The Virginian-Pilot
                             THE VIRGINIAN-PILOT 
              Copyright (c) 1994, Landmark Communications, Inc.

DATE: Monday, September 5, 1994              TAG: 9409010019
SECTION: FRONT                    PAGE: A8   EDITION: FINAL 
TYPE: Editorial 
                                             LENGTH: Medium:   55 lines

MOST AMERICANS ARE BETTER OFF LABOR DAY 1994

Labor Day is a time of mixed feelings for many. It's a long weekend, a chance to relax with family and friends and enjoy the fruits of what our labor has brought us. At the same time, it's tinged with sadness, the knowledge that another summer has passed and autumn's first frosts aren't far off.

It's also a time for reflection on the value of work. Always, it seems, people complain that things used to be better. Very few of us don't feel that we get worse off financially than better. Business Week magazine recently devoted a cover story to that old bugaboo from the Reagan years, income inequality. Some fret that it's rising. The figures, however, indicate that the gap between rich and poor widens because most Americans are getting richer, not poorer.

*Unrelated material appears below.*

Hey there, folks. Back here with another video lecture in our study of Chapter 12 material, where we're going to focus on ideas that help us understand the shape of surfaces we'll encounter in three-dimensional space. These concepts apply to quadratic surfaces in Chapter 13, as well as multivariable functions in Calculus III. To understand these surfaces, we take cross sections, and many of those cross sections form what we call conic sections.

According to Forbes magazine, the households in the lowest 20 percent of the American population in 1967 had incomes equivalent to 8.9 percent of the mean annual income of households in the top one-fifth. Today, that number has fallen back to 8 percent. But the greatest narrowing of the income gap - to 9.3 percent - took place in 1979, one of the worst economic years since the end of World War II.

The number of people who are truly poor has also fallen. Households with incomes under $10,000 per year (in inflation-adjusted dollars) have declined from 17.2 percent of all households in 1967 to 14.6 percent today.

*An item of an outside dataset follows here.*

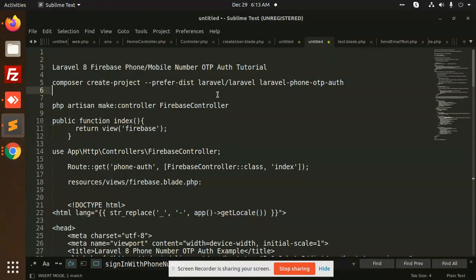Hello friends, in this video we are going to learn Laravel 8 Firebase phone mobile number OTP authentication. I'm going to create a phone number form where I can enter my phone number, and when I click on it, it will send the OTP via Firebase so we can authenticate using Firebase.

Why the rising inequality gap? It's largely explained by the surge of mothers in two-parent households into the work force. According to a study by Lynn A. Karoly of the RAND Corp. and Gary Burtless of the Brookings Institution, women are better educated and, therefore, better paid than they were. Their gains in earnings account for almost 40 percent of the rise in ``inequality'' in household income since 1979.

Indeed, women's pay has risen rapidly in the past decade and a half, much of it during the Reagan boom. According to Department of Labor statistics, the median earnings of women working full time in the second quarter of this year were 76 percent that of men, up from 60 percent in 1979.

What income inequality figures mask, of course, is the churning motion of social mobility. Making it to the top is no guarantee of staying there: Every year sees small but significant turnover in the Fortune 500 list of the biggest corporations and the Forbes 400 list of the richest Americans. And on a less exalted level, plenty of American households still move from the lower range of the income scale to the highest. (And vice versa.) Still others, of course, would love to find work, but for whatever reason, cannot.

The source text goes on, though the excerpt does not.